After Dinner @ The Wharf

After Dinner
Anita Hegh and Rebecca Massey in Andrew Bovell’s AFTER DINNER.Pics Brett Boardman

This new  production of Andrew Bovell’s brilliant debut comedy AFTER DINNER makes a perfect fit  for the wonderful Sydney summer that we are having.

I strongly recommend a  visit to the Wharf, one of Sydney’s finest  theatre venues, enjoying a wine before the show and taking in the lovely view of Sydney harbour from the balcony, and then heading into the theatre to see five of Sydney’s finest thespians playing very well drawn characters and presenting a night at the theatre imbued with humour and pathos.

The time period is the nineteen eighties, the setting is the dining room of an RSL club. The play shifts action between two tables as they wait for the local band to fire up, which only takes place very late in the proceedings.

On one table are work colleagues, – Dympie, Paula and Monika. They might get on great at work however there’s plenty of conflict between them on this night, not surprising considering their very different personalities.

Rebecca Massey and Anita Hegh play two very different women. Massey’s Dympie is very correct, controlling and super uptight. Hegh’s Paula  is  very laid back, natural and perhaps just a little too relaxed.

The wonderful Helen Thomson has the biggest role of the night and really goes to town playing the recently widowed Monika, delivering one of the finest performances of her distinguished career.

Thomson transverses the  huge u-turn journey that her character with plenty of style, from  being the grieving, unable to cope widow on the first night with her girlfriends, to getting totally sloshed, to ‘picking up’ at the end of the night.

Presiding at the other table are two  not so great beacons of the male species, Gordon and Stephen. Again it’s a case of very contrasting characters which Bovell milks for all its worth.

Glenn Hazeldine is excellent as the neurotic, doleful, insipid Gordon who is crying into his drinks after his recent separation from his wife.  He wants to unload about how poorly he is feeling to his mate, Stephen, when he arrives.
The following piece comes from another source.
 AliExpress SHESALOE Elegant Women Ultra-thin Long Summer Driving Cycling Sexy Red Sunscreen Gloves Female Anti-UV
Not a good call, the slick, good Stephen, played with panache by Josh McConville, isn’t in the mood to listen, and really just wants to check out the chicks at the next table.

Yes, you guessed it! It is a ‘moveable feast’ and the two tables do meet, with the gals joining the guys, leading to further comic mayhem. And then ‘the band’ strikes up with some great eighties songs, and there’s even dancing…

This really is quite irresistible the same again. Well directed by Imara Savage, AFTER DINNER opened at Wharf 1 on Tuesday 20th January and is  playing until Saturday 7th March.